夜莺喜欢爬山,尤其是陡峭人迹罕至的山脉,在山林里寻找着一些奇石怪树,感叹着自然的力量,她这样已经不知道走了多久,走过了多少座山,见过了多少在穷困中挣扎的山里人,他们穿着简朴粗陋的衣服,赶着牛羊,日出而做,日落而息,在和日月同步。
一个八九岁壮实的小男孩从一片灌木丛后面钻出来,黝黑的皮肤,虎头虎脑的样子,他看着站在大石头上往着远处的夜莺,好奇的问着:
“夜夜,你不累吗?站在那里,你能看见什么?”
夜莺转头看着小男孩,忍不住笑了:“不累,站的高才能看的远,大山,要不要来试试?”
被叫大山的小男孩显然不觉得,他很认真的对着夜莺说着:
“要想看的远可以爬树啊,或者是爬到山顶上去,不过看的再远除了山还是山。夜夜,阿爸叫我来喊你回去吃饭,今天中午有好吃的。”

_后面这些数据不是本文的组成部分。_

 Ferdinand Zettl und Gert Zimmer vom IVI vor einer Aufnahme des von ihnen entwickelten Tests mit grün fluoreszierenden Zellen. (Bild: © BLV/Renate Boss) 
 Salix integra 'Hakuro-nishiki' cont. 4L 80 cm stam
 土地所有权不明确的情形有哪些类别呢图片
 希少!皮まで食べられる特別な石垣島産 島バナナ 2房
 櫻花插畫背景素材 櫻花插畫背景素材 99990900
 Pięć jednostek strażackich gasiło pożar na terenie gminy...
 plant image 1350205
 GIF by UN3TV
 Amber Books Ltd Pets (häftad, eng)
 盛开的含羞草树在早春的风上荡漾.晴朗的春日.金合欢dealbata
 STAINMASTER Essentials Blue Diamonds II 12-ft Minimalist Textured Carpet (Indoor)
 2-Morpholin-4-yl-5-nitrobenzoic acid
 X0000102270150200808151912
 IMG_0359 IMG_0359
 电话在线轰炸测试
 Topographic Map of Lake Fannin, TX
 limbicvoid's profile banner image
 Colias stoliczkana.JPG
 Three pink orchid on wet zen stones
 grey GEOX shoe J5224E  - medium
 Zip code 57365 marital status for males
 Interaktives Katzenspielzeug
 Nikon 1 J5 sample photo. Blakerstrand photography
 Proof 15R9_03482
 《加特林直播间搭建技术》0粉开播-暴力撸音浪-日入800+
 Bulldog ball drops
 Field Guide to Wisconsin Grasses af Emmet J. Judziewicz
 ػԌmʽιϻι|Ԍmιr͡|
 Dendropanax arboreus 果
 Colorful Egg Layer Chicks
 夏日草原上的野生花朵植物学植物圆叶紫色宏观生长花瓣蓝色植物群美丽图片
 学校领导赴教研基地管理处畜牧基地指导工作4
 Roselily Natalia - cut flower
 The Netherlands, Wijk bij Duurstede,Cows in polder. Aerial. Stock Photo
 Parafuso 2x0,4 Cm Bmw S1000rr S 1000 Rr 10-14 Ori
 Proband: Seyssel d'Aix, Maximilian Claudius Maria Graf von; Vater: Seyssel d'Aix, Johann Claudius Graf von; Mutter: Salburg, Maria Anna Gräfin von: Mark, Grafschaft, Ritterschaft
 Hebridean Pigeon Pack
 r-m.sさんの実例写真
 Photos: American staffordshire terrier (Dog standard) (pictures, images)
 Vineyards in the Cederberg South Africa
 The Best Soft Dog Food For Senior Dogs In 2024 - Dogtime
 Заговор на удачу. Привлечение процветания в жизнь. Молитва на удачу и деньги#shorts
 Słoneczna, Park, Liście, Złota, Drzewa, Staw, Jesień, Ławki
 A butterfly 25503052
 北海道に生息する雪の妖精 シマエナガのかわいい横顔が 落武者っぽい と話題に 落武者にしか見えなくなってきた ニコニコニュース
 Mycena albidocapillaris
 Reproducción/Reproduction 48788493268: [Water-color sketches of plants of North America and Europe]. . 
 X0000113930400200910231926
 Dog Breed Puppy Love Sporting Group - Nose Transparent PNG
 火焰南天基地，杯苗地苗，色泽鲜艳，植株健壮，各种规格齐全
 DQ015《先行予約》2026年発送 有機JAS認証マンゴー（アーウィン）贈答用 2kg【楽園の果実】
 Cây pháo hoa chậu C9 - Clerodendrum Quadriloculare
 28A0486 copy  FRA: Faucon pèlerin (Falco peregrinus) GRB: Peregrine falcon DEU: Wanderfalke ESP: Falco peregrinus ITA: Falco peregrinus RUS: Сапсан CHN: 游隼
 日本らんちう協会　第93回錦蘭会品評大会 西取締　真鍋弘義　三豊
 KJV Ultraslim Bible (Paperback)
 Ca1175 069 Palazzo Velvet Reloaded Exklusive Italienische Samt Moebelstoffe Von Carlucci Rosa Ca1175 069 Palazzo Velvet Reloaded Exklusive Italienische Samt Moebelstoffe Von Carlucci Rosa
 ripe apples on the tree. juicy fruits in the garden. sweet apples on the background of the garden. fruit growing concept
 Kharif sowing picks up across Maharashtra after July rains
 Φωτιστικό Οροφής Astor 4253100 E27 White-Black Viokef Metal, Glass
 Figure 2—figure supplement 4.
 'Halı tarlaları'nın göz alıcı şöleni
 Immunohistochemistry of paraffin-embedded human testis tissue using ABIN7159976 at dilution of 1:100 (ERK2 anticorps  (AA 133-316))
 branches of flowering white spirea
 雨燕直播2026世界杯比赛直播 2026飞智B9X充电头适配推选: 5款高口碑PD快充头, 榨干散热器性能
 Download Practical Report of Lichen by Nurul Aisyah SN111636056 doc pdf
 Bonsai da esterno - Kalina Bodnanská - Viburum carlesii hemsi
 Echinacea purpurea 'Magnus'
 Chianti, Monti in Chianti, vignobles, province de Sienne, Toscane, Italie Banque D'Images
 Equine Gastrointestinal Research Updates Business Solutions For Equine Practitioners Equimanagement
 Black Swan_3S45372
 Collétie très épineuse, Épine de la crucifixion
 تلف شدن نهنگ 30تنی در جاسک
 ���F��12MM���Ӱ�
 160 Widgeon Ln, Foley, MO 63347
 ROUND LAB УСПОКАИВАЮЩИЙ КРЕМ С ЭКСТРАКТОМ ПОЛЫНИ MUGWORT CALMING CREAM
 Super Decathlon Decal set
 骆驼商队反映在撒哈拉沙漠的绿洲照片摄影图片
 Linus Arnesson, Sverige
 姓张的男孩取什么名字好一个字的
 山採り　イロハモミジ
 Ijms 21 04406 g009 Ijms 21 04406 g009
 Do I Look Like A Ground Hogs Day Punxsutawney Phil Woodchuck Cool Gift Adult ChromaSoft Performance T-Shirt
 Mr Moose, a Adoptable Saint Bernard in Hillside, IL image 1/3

大山口中的好吃的,就是一个野狍子,是大山阿爸用陷阱抓住的,他们一家住在山里,鲜少出去,夜莺前两天走进山里迷了路,遇见了正打猎的大山爸爸,她也觉得奇怪,现在还有人肯在山里这么吃苦过日子的。
大山的爸爸叫孟河远,一个十足山里男人,质朴而豪爽,他从小在山里长大,没有出去过,而他的妻子也是从几座山的山里娶来的,一个勤劳的女人,他们都过着半闭塞的生活,偶尔出去也只是山下的几个村镇买点东西,或者是交换山野味。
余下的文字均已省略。